After these 3 mandatory columns, you can append all kinds of additional information to these locations. You can add gene names, strand (+ or -), gene counts (expression), and so on.

Format 2: GFF (General Feature Format) consists of one line per feature, each containing 9 columns of data, plus optional track definition lines.

Fields must be tab-separated. Also, all but the final field in each feature line must contain a value; “empty” columns should be denoted with a ‘.’

seqname – name of the chromosome or scaffold; chromosome names can be given with or without the ‘chr’ prefix. Important note: the seqname must be one used within Ensembl, i.e. a standard chromosome name or an Ensembl identifier such as a scaffold ID, without any additional content such as species or assembly. See the example GFF output below.
source – name of the program that generated this feature, or the data source (database or project name)
feature – feature type name, e.g. Gene, Variation, Similarity
start – Start position* of the feature, with sequence numbering starting at 1.
end – End position* of the feature, with sequence numbering starting at 1.
score – A floating point value.
strand – defined as + (forward) or – (reverse).
frame – One of ‘0’, ‘1’ or ‘2’. ‘0’ indicates that the first base of the feature is
the first base of a codon, ‘1’ that the second base is the first base of a codon, and so on.
attribute – A semicolon-separated list of tag-value pairs, providing additional information about each feature.

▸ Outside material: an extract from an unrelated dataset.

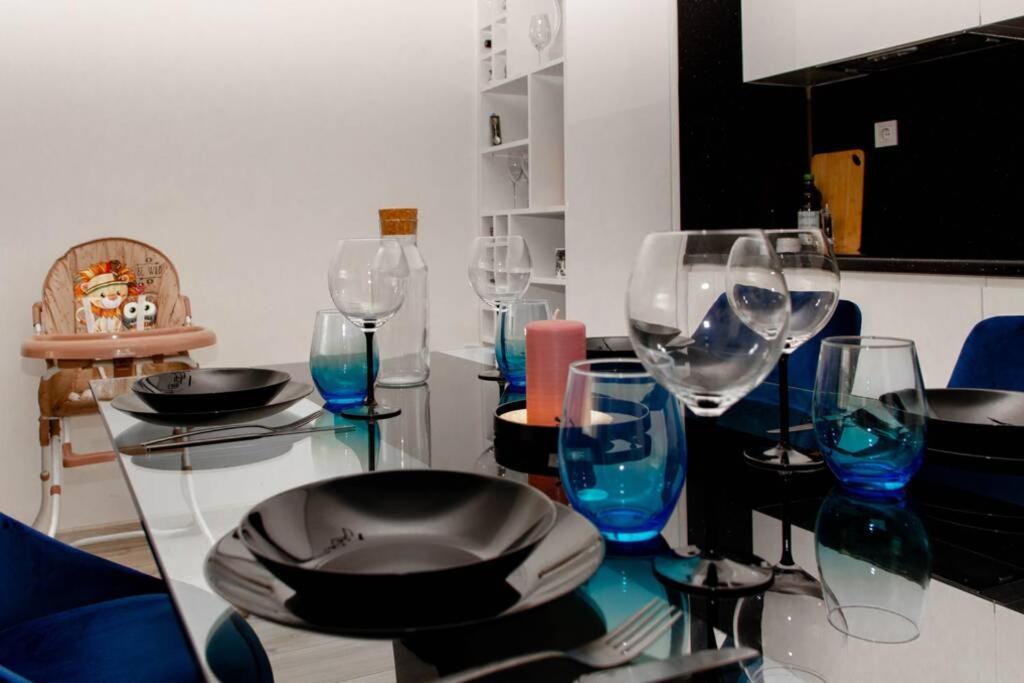 Super Luxurious & Spacious Designer Apartment. 旧扎戈拉 外观 照片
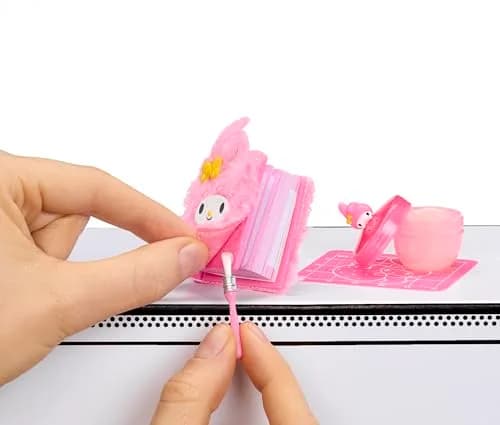 MGA's Miniverse Make It Mini Hello Kitty and Friends Series 3 Mini Collectibles 9.6cm (3.81 inches) | Sanrio Retro Stationery Replicas thumbnail 3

GFF3 Format – NGS Analysis — Image source: Next-Generation Sequencing Analysis Resources

What to look out for: 0-based vs 1-based coordinates

Do we start at 0, or start at 1?

The example above shows (an imaginary) first seven nucleotides of sequence on chromosome 1:

1-based coordinate system - Numbers nucleotides directly
0-based coordinate system - Numbers between nucleotides

0-based: BED, BAM, BCF

1-based: GTF, GFF, SAM, VCF, BLAST, GenBank/EMBL

Bedtools recognizes these differences and inter-converts for you.